“Joy is what happens to us when we allow ourselves to recognize how good things really are.” -Marianne Williamson
Every now and then, I ask Tiny Buddha Facebook friends to share things they're grateful for. I do this because I know that I sometimes forget how many things I've valued and appreciated throughout the course of my day–especially if I feel I've dealt with a lot of stresses and worries.
It can happen to any of us: Even one especially difficult encounter or situation can overpower all the good things if we're not deliberate about recognizing them, and realizing how fortunate we really are.
Psychologists refer to this as negativity bias–the phenomenon by which we give more weight to negative experiences than positive ones. It's an evolutionary development from a time when everyday threats could be matters of life-or-death. According to neuropsychologist Rich Hanson, “the brain is like Velcro to negative experiences and Teflon to positive ones.”
It's when you move into a new house, and even though almost everything went smoothly, you can't stop feeling annoyed about that one vase the movers chipped. Or you have a fantastic interview, but you can't stop obsessing about that one question you didn't answer as well as you could have.
In short, we sometimes fixate on the bad things–judging them, rehashing them, maybe even reliving them.

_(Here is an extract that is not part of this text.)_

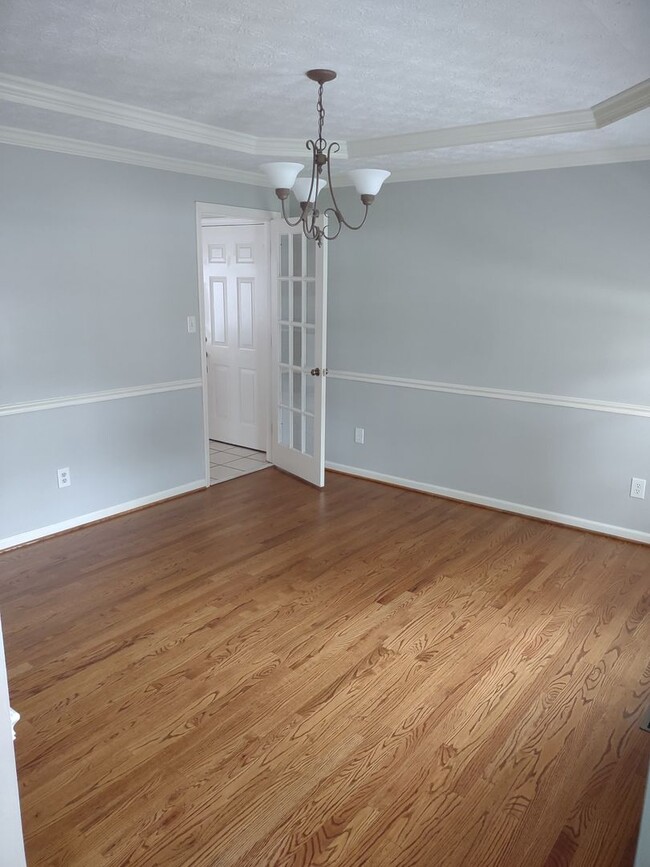 Building Photo - Bonus Room!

It generally comes down to fear of pain, and more specifically, loss.
If we can become aware of what's going on in our brains, we can actively choose to recognize how few real threats there are, and then create positive feelings by honoring all the good things we sometimes take for granted.
The reality is that there is often more right than wrong with our lives. There are people looking out for us. There are needs that are consistently met. There are pleasures that we often get to enjoy. It's not a perfect world, but there's a lot of beauty, if only we're willing to see and appreciate it.
Look around today. Choose to see the good things. And don't let the tiny things that went wrong detract from your pleasure. Joy isn't just knowing that you should be grateful for your blessings–it's allowing yourself to actually enjoy them.